For production apps, you should always implement token refresh using the refresh token before expires_in hits zero.
Save the token in a variable, as we will use it in subsequent activities.
Set variable activity
Purpose: for following activities conveniences, save it in a variable.

@activity('GetBearerToken').output.access_token
Step 3: Get SPO site ID via Graph API by use Bearer Token
Sometime your SharePoint / MS 365 administrator may give you SiteID. If you do not have it, you can do this way to get it.
Web activity
purpose: We will first obtain the “site ID,” a key value used for all subsequent API calls.

URL:
@concat('https://graph.microsoft.com/v1.0/sites/'
, pipeline().parameters.pl_par_Tenant_name
,'.sharepoint.com:/sites/'
, pipeline().parameters.pl_par_SPO_site
)
Method: GET
Header:
Authorization
@concat('Bearer ',activity('GetBearerToken').output.access_token)
output segments:
{ ….
“id”: “mainri.sharepoint.com,73751907-6e2b-4228-abcd-3c321f3e00ec,bee66b00-7233-9876-5432-2f0c059ec551″,
….}
from the output, we can see that ID has 3 partitions. the entire 3-part string is the site ID. It is a composite of:
- hostname (e.g.,
mainri.sharepoint.com
) - site collection ID (a GUID)
- site ID (another GUID)

Step 4: Get SPO Full Drivers list via Graph API by use Bearer Token
“Driver” also known as Library.
Web activity
purpose: Since there are multiple Drivers/Libraries in the SPO, now we list out all Drivers/Libraries; find out the one that we are interested in – Finance.

Url:
@concat('https://graph.microsoft.com/v1.0/sites/'
, activity('GetSiteId').output.id
, '/drives')
Method: GET
Header: Authorization: @concat('Bearer ',activity('GetBearerToken').output.access_token)
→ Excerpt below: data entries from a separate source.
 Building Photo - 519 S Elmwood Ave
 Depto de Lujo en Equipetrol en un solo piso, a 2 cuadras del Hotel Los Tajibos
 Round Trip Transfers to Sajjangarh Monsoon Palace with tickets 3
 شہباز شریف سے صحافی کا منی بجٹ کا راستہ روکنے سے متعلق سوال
Step 5: Filter out our interested Library “Finance” via Graph API by use Bearer Token
Filter Activity
Purpose: Find out the Finance’s ID.
Since there are multiple drivers/Libraries in the SPO, we are interested in the “Finance” only

Items:@activity('GetFullDrives').output.value
Condition: @equals(item().name, 'Finance')
Output Segments

Save the DriverID/LibraryID in a variable.
We will use the LibraryID/DriverID in the following activities, so save it for convenience.
Step 6: Use the Bearer Token with the Graph API to retrieve a list of subfolders in the Finance library’s root.
Web Activity
Purpose: Navigate to the ‘Business Request’ folder in the Finance library’s sub-folders and retrieve its ID.

URL:
@concat('https://graph.microsoft.com/v1.0/drives/'
, activity('FilterFinance').output.value[0].id
, '/root/children')
Method: GET
Header: Authorization
@concat('Bearer ',activity('GetBearerToken').output.access_token)
Output segment

Step 7: Find the ‘Business Request’ sub-folder under ‘Finance’.
Filter activity
Purpose: Find out folder “Business Request” ID

Items: @activity('Get_FinanceRoot').output.value
Condition: @equals(item().name, 'Business Requests')
output segments

Step 8: Get “Business Request” child items via Graph API
Check the sub-folders within ‘Business Request’ and identify the one titled ‘AR Aging Report’, as that is our focus
Web Activity
Purpose: Get ‘Business Request’ child items using Graph API.

URL:
@concat('https://graph.microsoft.com/v1.0/drives/'
, activity('FilterFinance').output.value[0].id
, '/items/'
, activity('FilterBusinessRequest').output.value[0].id
, '/children'
)
Method: GET
Header:
Authorization: @concat('Bearer ',activity('GetBearerToken').output.access_token)
output segments

Step 9: Filter out sub-folder “AR Aging Report” from Business Request via Graph API
Filter Activity
Purpose: Maybe, there are multiple child items under this folder. We are interested in the “AR Aging Report” and its ID only.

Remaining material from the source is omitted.